Śmieciem jest przestępca, do którego nie ma się cierpliwości – wypuszczony na wolność zabił dwóch funkcjonariuszy. Poza tym ma pedofilską (nie do końca udowodnioną) przeszłość. Śmieć, który nie zasługuje na sanatorium (psychiatryk). Pozorów, czyli procedur, trzeba przestrzegać, lecz stare wygi wiedzą swoje. Są też ci z jasnej strony mocy: jakiś nadwrażliwy prokurator albo nowicjusz policyjny, Felicjan, wkuwający do egzaminu prawo karne. Felicjan (Tomasz Ziętek), na swoje szczęście-nieszczęście, jest zięciem dyrektora Nowackiego.

Co w tej historii jest udane? 

Po pierwsze to, że akcja jest mocno skondensowana. Całe zło sączy się jedną strużką. Nie ma tysiąca wątków. Jest konwój mający dostarczyć więźnia z więziennej celi do oddalonego o szmat drogi zakładu psychiatrycznego. Na pierwszym planie tylko czterech policjantów z nadzoru, milczący więzień, samochód i szosa. 

Po drugie (wynikające z pierwszego) między personami iskrzy od antypatii i niedomówień, co rozgrywa – nadzorujący sytuację zdalnie – zły dyrektor (Gajos). Policjanci rozpoznają sytuację etapami i każdy widzi ją w innym świetle. Sojusze między nimi są złudne, interesowne, zaskakujące. Jeden kurs zmieni życie każdego z nich diametralnie. Więzień, który ma dojechać/nie dojechać do zakładu, oczyszcza się milczeniem. Na brudnym tle milczenie nadaje mu status jeśli nie wyłącznie ofiary, to choćby w pewnym stopniu.

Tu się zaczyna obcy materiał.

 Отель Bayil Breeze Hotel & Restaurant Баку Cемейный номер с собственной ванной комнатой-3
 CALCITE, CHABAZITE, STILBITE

Po trzecie – każdy z bohaterów jest na tyle podszyty rewersem, że trudno porywać się na ocenę moralną. Więzień dlatego, że – być może – gdyby mógł wybrzmieć jego punkt widzenia, uznalibyśmy, że więcej cierpienia zaznał niż zadał. Bohater Więckiewicza długo trzyma w cieniu swój grzech, a później desperacko się z nim konfrontuje, przechodzi coś, co można by z pewną nadwyżką nazwać katharsis. I nie wiadomo, czy więcej w nim zła czy dobra. Bohater Gajosa ma na swą obronę pogardę wobec tych nieumoczonych, którzy wolą mieć czyste sumienie, więc zachowują się jak trzy małpy (zwłaszcza ta, która zakrywa oczy). Bohater Bluszcza to przypadek faceta w pułapce. Byłby niezły, gdyby nikt go nie stawiał w sytuacji ekstremalnej. Postawiony – umoczony, trudno. Najmniej przełamany jest Felicjan. Chyba, że uznamy każdego żółtodzioba-idealistę za przypadek tymczasowy i z definicji skazany na wymarcie.

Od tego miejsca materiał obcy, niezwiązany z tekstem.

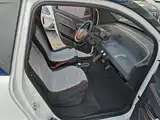 Фото 25 - Baojun E100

Po czwarte, niech nikogo nie zwiedzie kolejność, bo właśnie to  jest crème de la crème: muzyka i zdjęcia. Deszczowy, zimny pejzaż, zbliżenia i ujęcia klaustrofobiczne. Raz po raz zamienione na chwilowe postoje w plenerze. Siła filmu w tych dwóch filarach. Zdjęcia to zasługa Michała Sobocińskiego, muzykę skomponował Antoni Łazarkiewicz.  

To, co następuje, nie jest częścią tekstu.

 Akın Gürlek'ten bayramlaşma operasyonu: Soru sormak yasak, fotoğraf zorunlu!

Co budzi uczucia mieszane?

  • Brawo dla aktorów. Ale postaci nakreślone są z różnym efektem. Zawada (Więckiewicz) jest ciekawszy niż dyr. Nowacki (Gajos). Błąd nie w grze, lecz w scenariuszu. Motywacjom dyrektora czegoś brak. Gajos tłumaczy go słowami, wprost, a przecież umiałby to zagrać bez eksplikacji, gdyby miał materiał. Podobnie jest z postaciami Ziętka i Simlata. Pierwszy osłania się tarczą niewinnej młodości. Skąd ta nieskazitelność? Tłumaczę sobie, że chłopak z Kamieni na szaniec ma do niej prawo (Ziętek grał Rudego!). Ale młodość niewystarczająco tłumaczy idealizm. Simlat gra postać smętną, nazywaną – po kolorze stroju – Czarnym. Nic się ta czerń nie przerzedza. Jedyny bohater, który bez trudu otrząśnie się z tych zdarzeń nietknięty refleksją.
  • Zakończenie. Brawo za woltę chronologiczną. Punkt kulminacyjny rozegrany świetnie. Daje pole domysłom. Późniejsze sprostowania cieszą, bo można je skonfrontować z własnym domysłem. Finał…  Ok, może być i tak. Nie w tym rzecz, że wolałabym inny. Ale wypada płasko. W finale przesądza się jakość opowieści – i albo w górę, albo jak tutaj oczko w dół. Niemniej warto.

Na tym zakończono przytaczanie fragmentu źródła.